Session 6 Excited Enquirers: Teaching the Language of Joint Attention
The final skill we are going to cover in this course is teaching children the language of Joint Attention.
In its simplest form, joint attention is being able to draw another person’s attention to objects or events for the purpose of sharing experiences. Typically this develops early on when children start to shift gaze between a preferred toy and caregiver in order to share their enjoyment in what they are doing. Later this moves into pointing to show and then children start to use language to gain attention and share enjoyment.

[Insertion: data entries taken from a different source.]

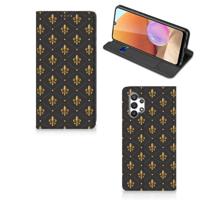 Samsung Galaxy A32 4G | A32 5G Enterprise Editie | Hoesje met Magneet | Franse Lelie - thumbnail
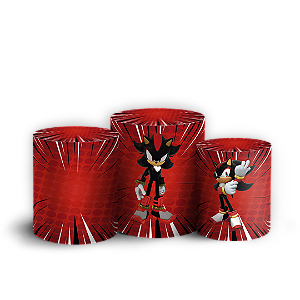 Trio Cilindro - Sonic Shadow - Sublimado 3D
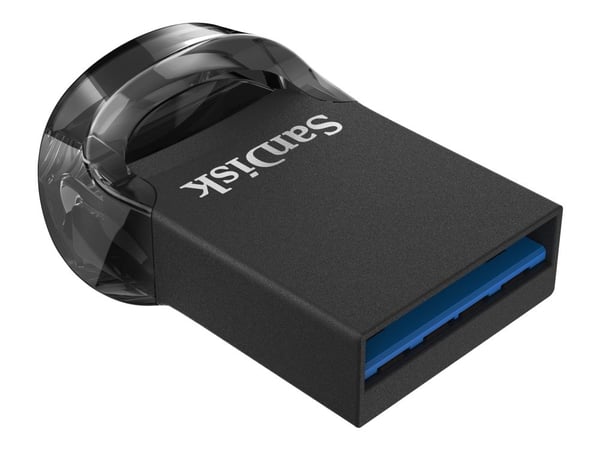 SanDisk Ultra Fit - USB-flashstasjon - 32 GB - USB 3.1 - svart (en pakke 3)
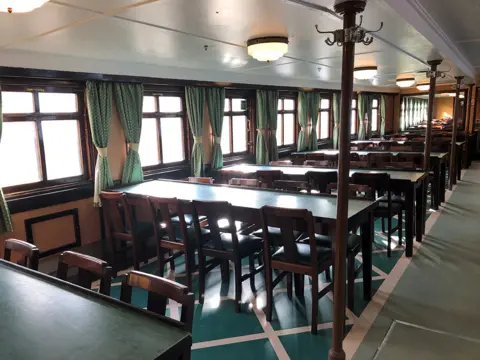 Waverly Steam Navigation Co Dining salon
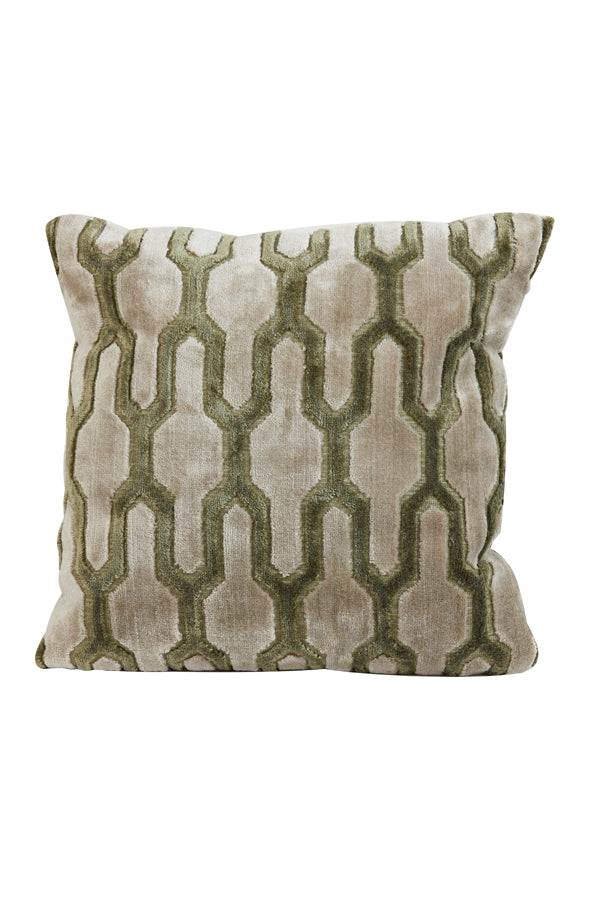 Light & Living kussen JEMBANA - 45x45cm - groen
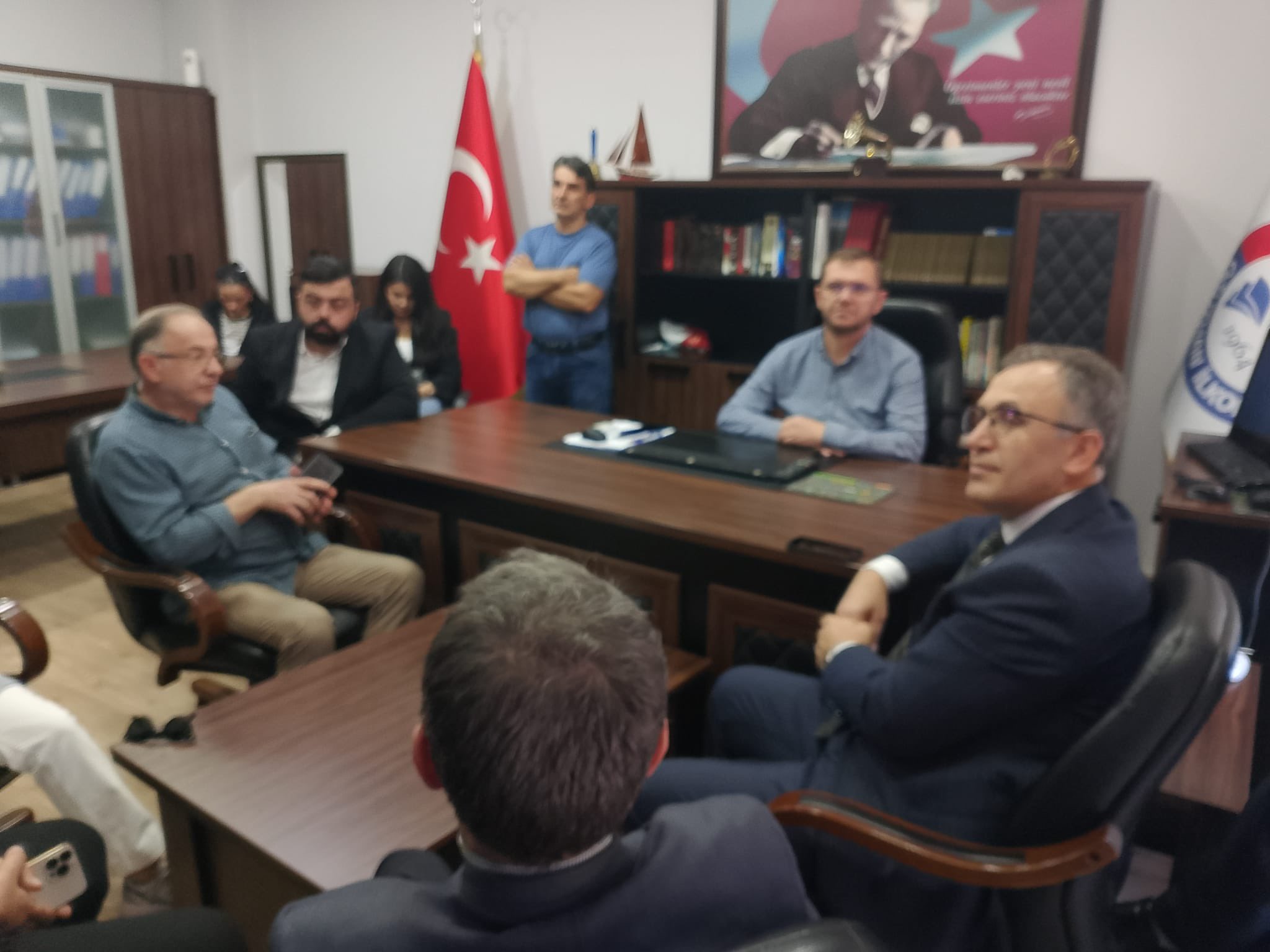 Türkiye Yüzyılı Buluşmaları kapsamında MDK Başkanımız Sn. Mehmet Sarı ile birlikteyiz.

This is generally an area that many children with social communication challenges find difficult and they don’t always develop this naturally. However, it can be taught through play and it is something that once learned, has a huge impact on a child’s social development overall.
Teaching ‘Look!’
One of the simplest ways to teach children to use language to draw your attention to something they enjoy is to teach them to use ‘Look!’
This can be targeted in multiple ways but works best if there are 2 adults present for the initial stages. This ensures that 1 adult can prompt the child and 1 adult can respond.
Step 1: engage the child with an arts and crafts/ construction/ messy play activity that they enjoy.
Step 2: have the 2nd adult position themselves near to the activity, but not participating or engaging.
Step 3: prompt the child to say ‘Look+ name of person’
Step 4: 2nd adult turns around and immediately gives the child lots of attention- commenting on the activity.
This activity works on the same ABC format as other skills you have taught, with the A being the engagement with the child in a shared task, and then the interruption. The B you are looking for here is for the child to say ‘Look +name!’ and the C is that they get instant positive attention from that person. Lots of ‘wow!’ ‘amazing’ or ‘woohoo!’ works too.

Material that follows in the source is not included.